Looking at that you will figure out how to use the arrayToBeFiltered and the items you will search and destroy on that array.

Here’s my answer and lots of comments. This is a spoiler so only click if you really need it

[spoiler]function destroyer(arr) {
/* Separate the listToBeFiltered from arguments*/
var arrList=arguments[0];

/* Separate the listOfItemYouWantDestroyed from arguments*/
var destroyList=[];
for(a=1;a<arguments.length;a++) destroyList.push(arguments[a]);

/* Use filter to get all items from listToBeFiltered that is not in listOfItemYouWantDestroyed */
var finalArray = arrList.filter(function(arrItem) {
	
	/* Filter function returns an array which was the original array but items filtered removed 
	   given
			listToBeFiltered = [1, 2, 3, 1, 2, 3]
			destroyList = [2,3]
	   
	   arrItem will first be 1
			then if it finds it on destroyList return false; so it will not be included on finalArray
			if it doesnt find it returns true; therefore it will be added to finalArray
	   then it will move on to the next index on listToBeFiltered
			it will then again try to find it on destroyList just like what it did on first one
		this will be done till all on listToBeFiltered are checked if they exist in destroyList
	*/
	
	/* 
		This is how I checked if the item was in the destroyList 
		it loops and compare arrItem to destroyList returns false if it is found
		if it exits the loop without being found it returns true;
	*/
	for(b=0;b<destroyList.length;b++) {
		if(arrItem == destroyList[b]) {
			return false;
		}			
	}
	
	return true;
});

/* Return the array */
return finalArray;

}[/spoiler]


#10

@PortableStick - Thank you so much for this incredible explanation! This is so helpful for me. I have read through this two times and I might read over it again to make sure I’ve got it. I can’t tell you how much I appreciate you breaking this down for me! Thank you!!!

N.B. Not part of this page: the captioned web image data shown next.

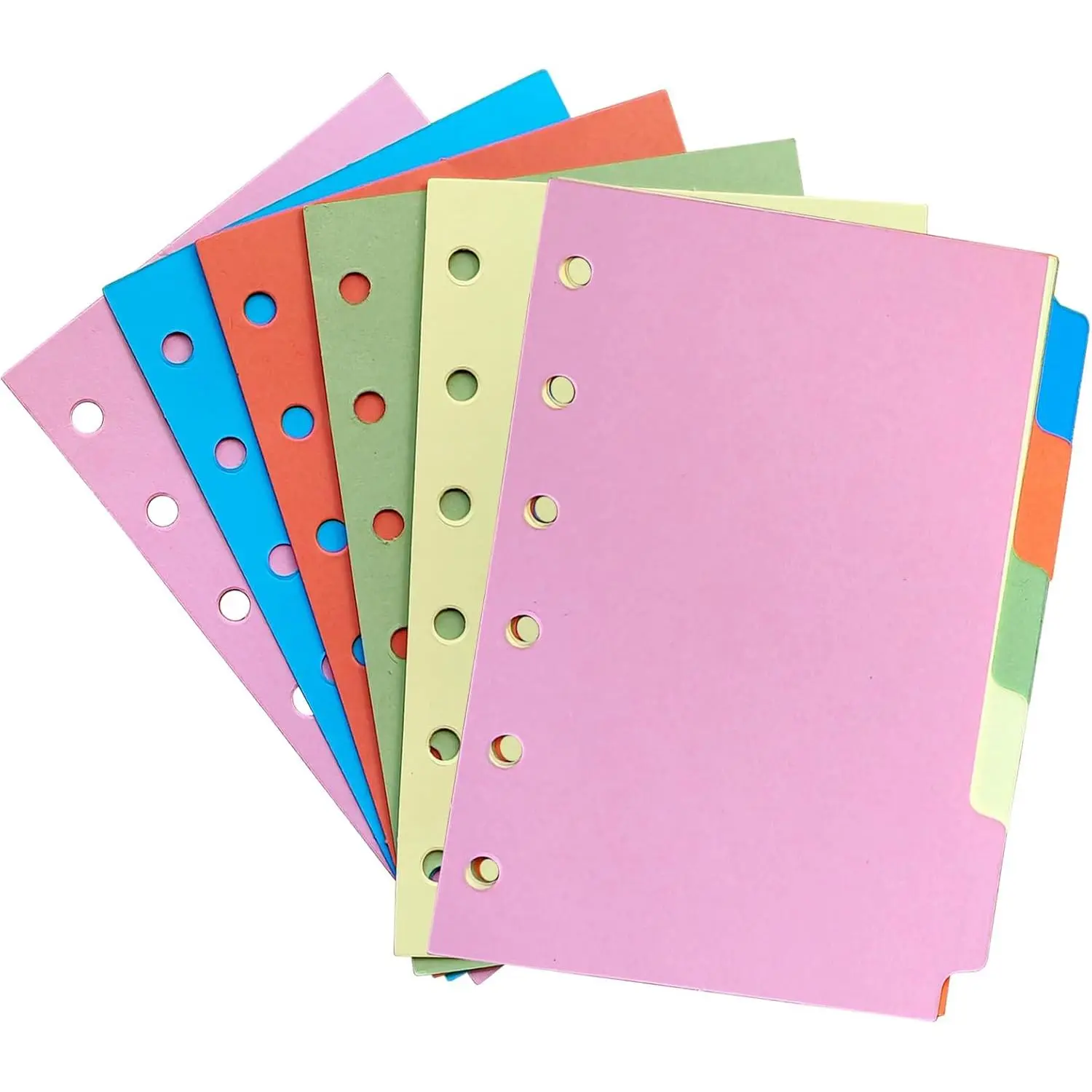 6 Ring Binder Dividers with 5 Tabs, 2 Sets, Paper Binder Dividers, A7 Size, Durable, 5 Colors, School Subject Binder Organizers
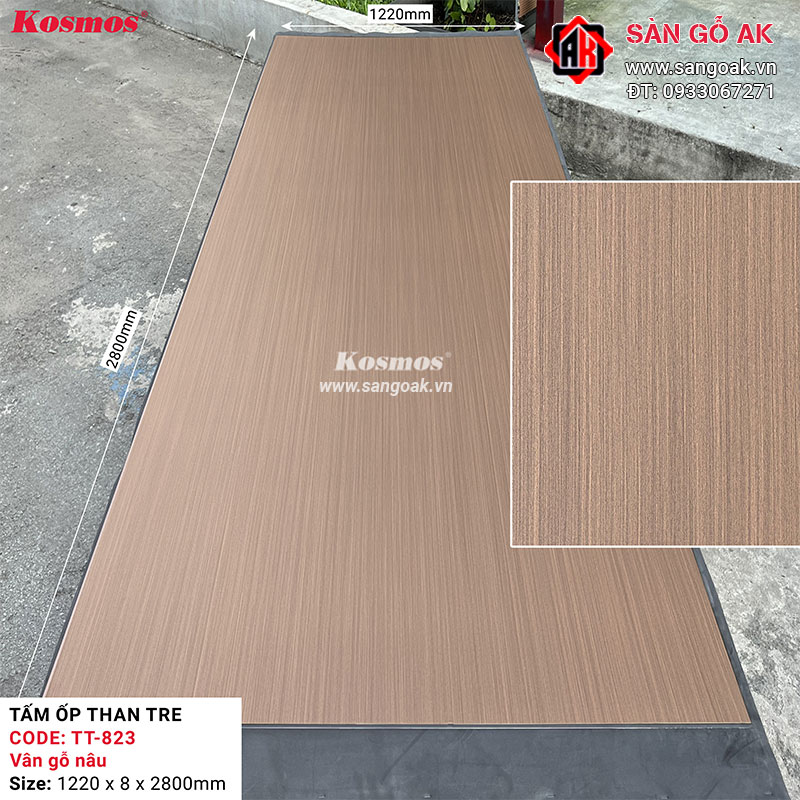 Tấm ốp than tre Kosmos vân gỗ nâu TT-823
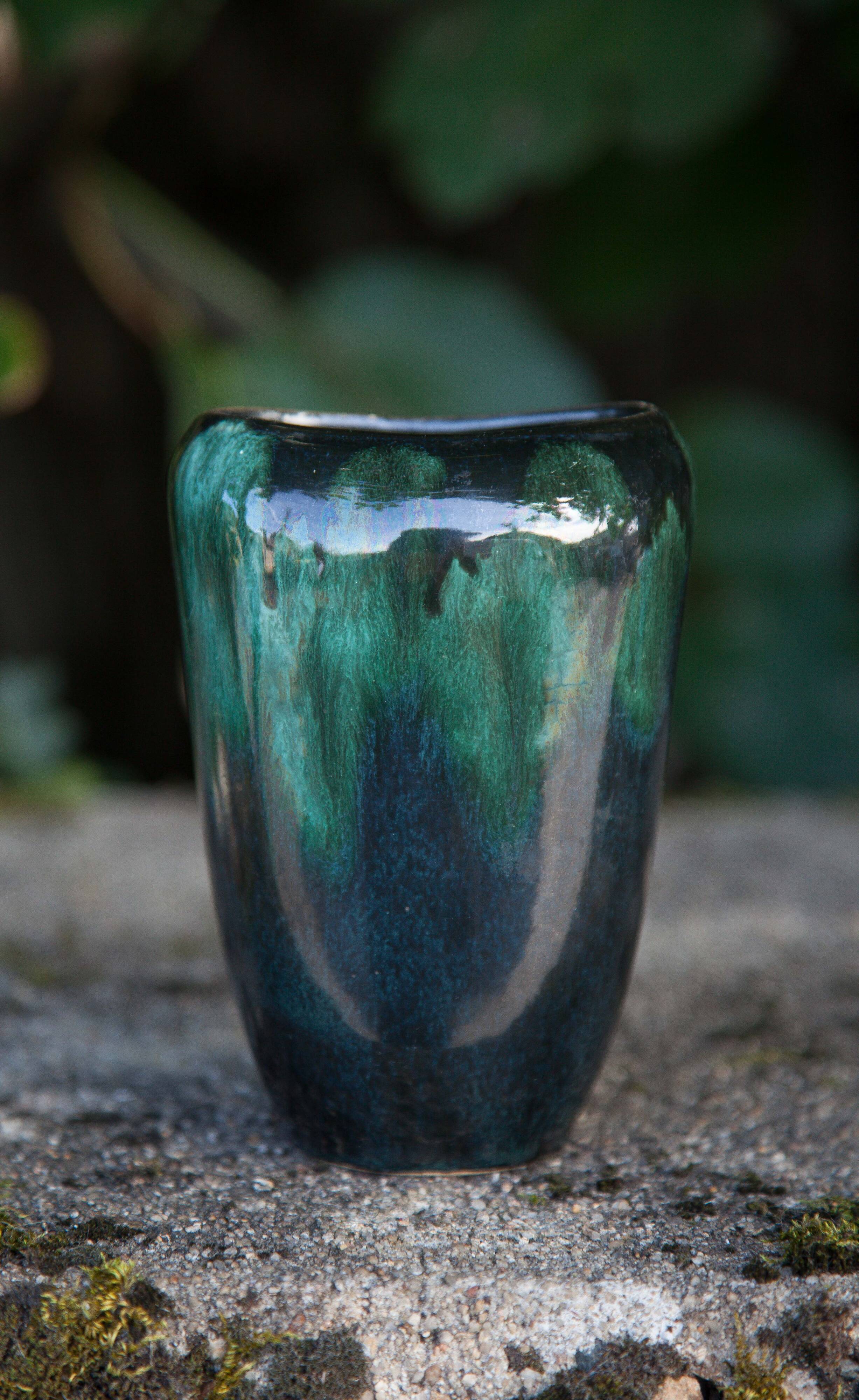 Vase céramique 409/15, vase décoratif, pot à fleurs, vase nuances vert et noir, collection, 60's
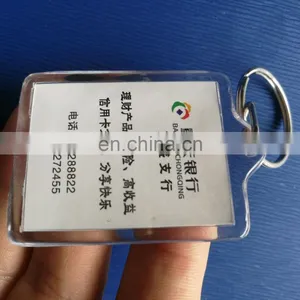Rectangle Custom Acrylic Keychain With Paper Photo Inside thumbnail-1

@BillSourour - Thank you so much, Bill! That was very helpful. You are very good at explaining this! I have watched videos and read some of the articles online, but it’s better to have it broken down piece by piece. Thank you thank you thank you!

@bigbelman - I was actually having a very difficult time with this:

return args.indexOf(element) === -1;

Thanks so much for clearing that up. I am starting to understand now.